*** Block opens ***

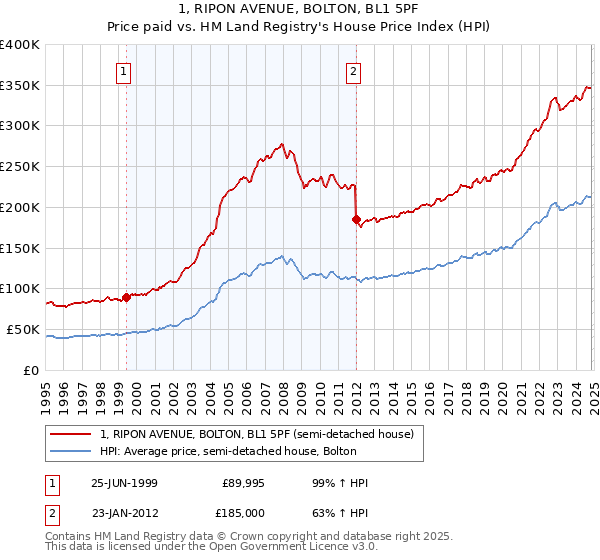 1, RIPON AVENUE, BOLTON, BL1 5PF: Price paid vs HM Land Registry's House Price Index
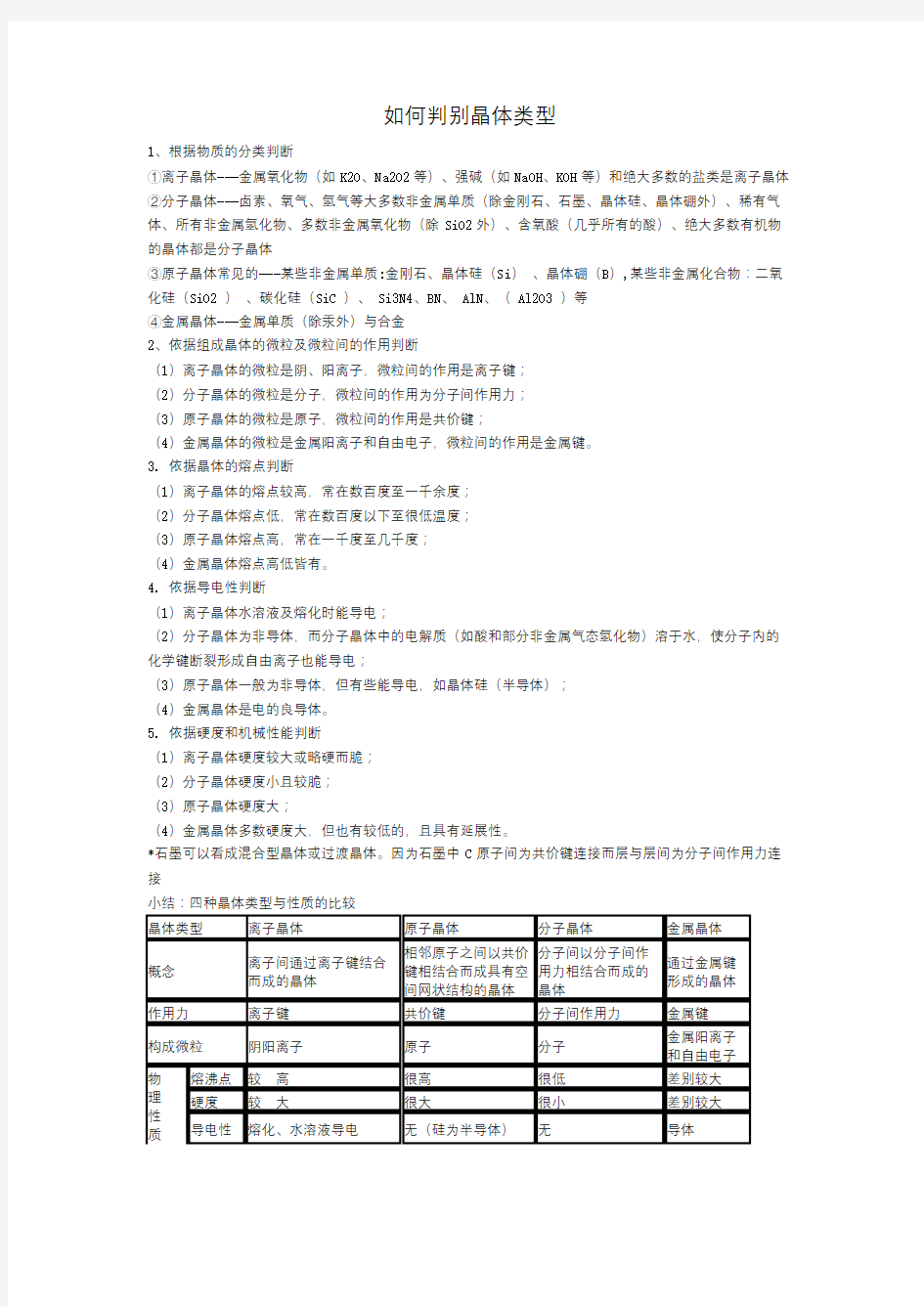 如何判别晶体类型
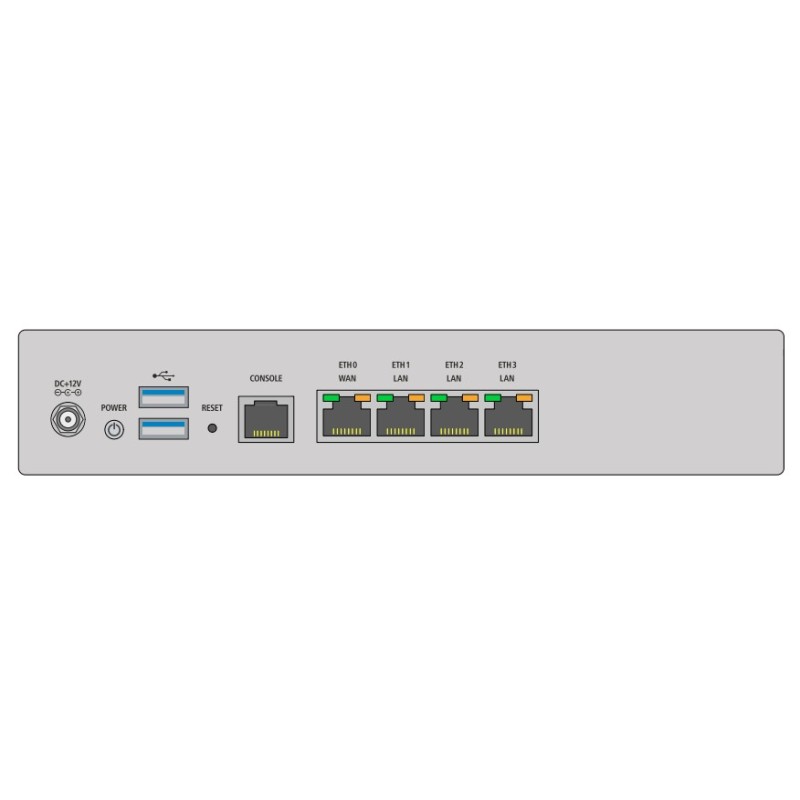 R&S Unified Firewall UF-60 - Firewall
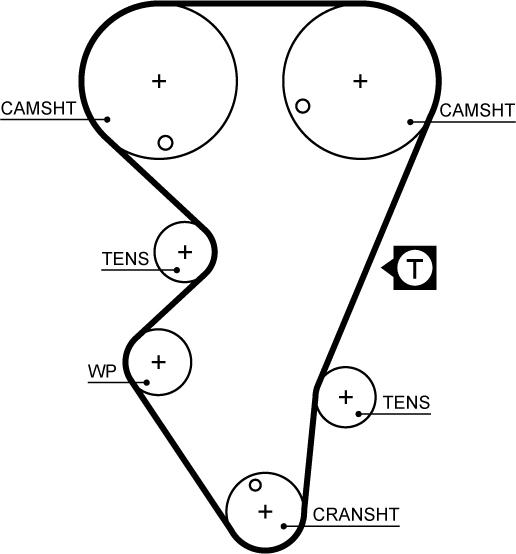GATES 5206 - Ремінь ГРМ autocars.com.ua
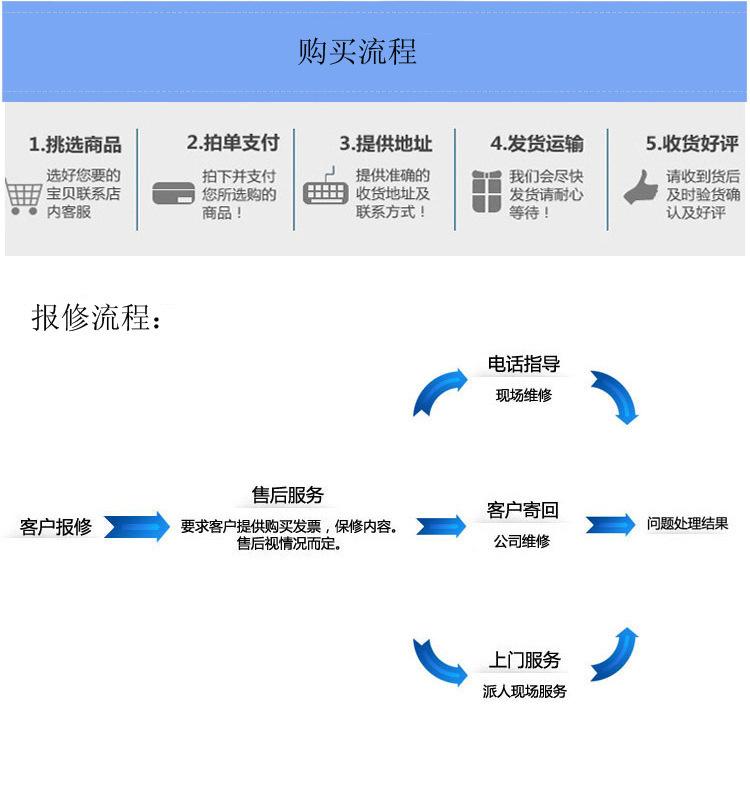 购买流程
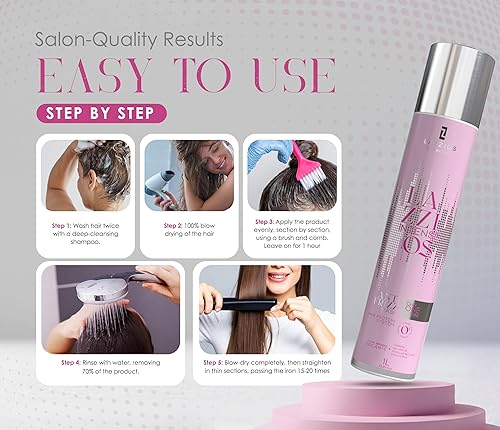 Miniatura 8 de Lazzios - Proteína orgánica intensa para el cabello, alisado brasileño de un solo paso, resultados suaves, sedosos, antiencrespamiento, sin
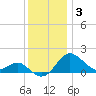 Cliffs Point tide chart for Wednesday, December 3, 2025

*** Block closes ***

Give again exactly the lines from the one holding "GATES 5206 - Ремінь ГРМ autocars.com.ua" to the final line of the records, both ends included, and nothing more. Pictures do not belong in the copy.

### Your solution
GATES 5206 - Ремінь ГРМ autocars.com.ua
 购买流程
 Miniatura 8 de Lazzios - Proteína orgánica intensa para el cabello, alisado brasileño de un solo paso, resultados suaves, sedosos, antiencrespamiento, sin
 Cliffs Point tide chart for Wednesday, December 3, 2025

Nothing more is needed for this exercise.